**Exercise description**
From the line bearing "Slide: The Image" down to the final line of the records below, give every line again exactly and add nothing.

START Excerpted data

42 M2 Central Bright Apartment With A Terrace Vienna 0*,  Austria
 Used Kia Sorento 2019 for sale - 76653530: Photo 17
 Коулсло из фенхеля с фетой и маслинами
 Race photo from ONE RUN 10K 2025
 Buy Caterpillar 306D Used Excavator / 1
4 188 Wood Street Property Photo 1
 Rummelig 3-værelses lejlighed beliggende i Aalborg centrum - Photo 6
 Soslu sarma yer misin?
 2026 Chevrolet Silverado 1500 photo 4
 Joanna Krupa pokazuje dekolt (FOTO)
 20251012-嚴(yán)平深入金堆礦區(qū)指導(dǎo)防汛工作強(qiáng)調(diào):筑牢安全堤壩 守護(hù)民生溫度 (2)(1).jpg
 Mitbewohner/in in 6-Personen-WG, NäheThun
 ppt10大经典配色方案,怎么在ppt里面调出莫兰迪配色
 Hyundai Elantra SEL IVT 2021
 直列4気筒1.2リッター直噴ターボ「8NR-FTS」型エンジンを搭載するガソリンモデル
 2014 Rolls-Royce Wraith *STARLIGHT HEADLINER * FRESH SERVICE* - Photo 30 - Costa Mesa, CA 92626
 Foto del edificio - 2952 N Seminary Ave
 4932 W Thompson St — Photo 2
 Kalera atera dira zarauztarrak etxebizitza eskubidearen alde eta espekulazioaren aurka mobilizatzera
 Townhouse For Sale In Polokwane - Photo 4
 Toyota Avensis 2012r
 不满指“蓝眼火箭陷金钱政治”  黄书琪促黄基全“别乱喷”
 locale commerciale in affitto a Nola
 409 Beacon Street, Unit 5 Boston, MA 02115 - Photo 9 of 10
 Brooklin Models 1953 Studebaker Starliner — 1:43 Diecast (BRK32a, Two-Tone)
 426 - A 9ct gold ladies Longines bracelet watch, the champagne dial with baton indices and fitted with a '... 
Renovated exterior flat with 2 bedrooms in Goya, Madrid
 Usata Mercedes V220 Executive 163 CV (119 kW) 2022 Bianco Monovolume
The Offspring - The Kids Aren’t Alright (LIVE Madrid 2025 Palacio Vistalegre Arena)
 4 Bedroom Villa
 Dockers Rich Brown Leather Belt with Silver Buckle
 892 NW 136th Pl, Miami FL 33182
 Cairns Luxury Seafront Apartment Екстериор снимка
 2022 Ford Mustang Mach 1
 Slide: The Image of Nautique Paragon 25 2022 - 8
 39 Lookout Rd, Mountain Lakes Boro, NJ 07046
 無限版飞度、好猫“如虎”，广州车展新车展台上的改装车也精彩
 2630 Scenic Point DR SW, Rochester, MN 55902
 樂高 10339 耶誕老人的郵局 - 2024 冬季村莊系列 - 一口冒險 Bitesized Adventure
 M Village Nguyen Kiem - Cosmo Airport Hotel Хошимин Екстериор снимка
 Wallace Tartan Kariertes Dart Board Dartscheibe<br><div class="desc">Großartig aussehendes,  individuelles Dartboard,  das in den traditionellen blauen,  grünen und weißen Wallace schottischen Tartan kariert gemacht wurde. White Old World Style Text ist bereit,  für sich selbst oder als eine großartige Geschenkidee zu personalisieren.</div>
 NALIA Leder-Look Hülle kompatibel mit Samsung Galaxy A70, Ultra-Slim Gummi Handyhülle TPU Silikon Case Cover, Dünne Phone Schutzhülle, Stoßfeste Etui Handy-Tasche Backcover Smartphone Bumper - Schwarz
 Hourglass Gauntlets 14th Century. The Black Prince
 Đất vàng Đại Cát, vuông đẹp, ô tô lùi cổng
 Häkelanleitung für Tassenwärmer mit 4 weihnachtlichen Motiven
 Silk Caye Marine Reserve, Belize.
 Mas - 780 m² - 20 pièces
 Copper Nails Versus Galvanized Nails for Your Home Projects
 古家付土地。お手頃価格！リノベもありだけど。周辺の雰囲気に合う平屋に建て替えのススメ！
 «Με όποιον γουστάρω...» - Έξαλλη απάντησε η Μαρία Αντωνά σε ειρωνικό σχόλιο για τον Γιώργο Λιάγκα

END Excerpted data

**Answer for this exercise**
 Slide: The Image of Nautique Paragon 25 2022 - 8
 39 Lookout Rd, Mountain Lakes Boro, NJ 07046
 無限版飞度、好猫“如虎”，广州车展新车展台上的改装车也精彩
 2630 Scenic Point DR SW, Rochester, MN 55902
 樂高 10339 耶誕老人的郵局 - 2024 冬季村莊系列 - 一口冒險 Bitesized Adventure
 M Village Nguyen Kiem - Cosmo Airport Hotel Хошимин Екстериор снимка
 Wallace Tartan Kariertes Dart Board Dartscheibe<br><div class="desc">Großartig aussehendes,  individuelles Dartboard,  das in den traditionellen blauen,  grünen und weißen Wallace schottischen Tartan kariert gemacht wurde. White Old World Style Text ist bereit,  für sich selbst oder als eine großartige Geschenkidee zu personalisieren.</div>
 NALIA Leder-Look Hülle kompatibel mit Samsung Galaxy A70, Ultra-Slim Gummi Handyhülle TPU Silikon Case Cover, Dünne Phone Schutzhülle, Stoßfeste Etui Handy-Tasche Backcover Smartphone Bumper - Schwarz
 Hourglass Gauntlets 14th Century. The Black Prince
 Đất vàng Đại Cát, vuông đẹp, ô tô lùi cổng
 Häkelanleitung für Tassenwärmer mit 4 weihnachtlichen Motiven
 Silk Caye Marine Reserve, Belize.
 Mas - 780 m² - 20 pièces
 Copper Nails Versus Galvanized Nails for Your Home Projects
 古家付土地。お手頃価格！リノベもありだけど。周辺の雰囲気に合う平屋に建て替えのススメ！
 «Με όποιον γουστάρω...» - Έξαλλη απάντησε η Μαρία Αντωνά σε ειρωνικό σχόλιο για τον Γιώργο Λιάγκα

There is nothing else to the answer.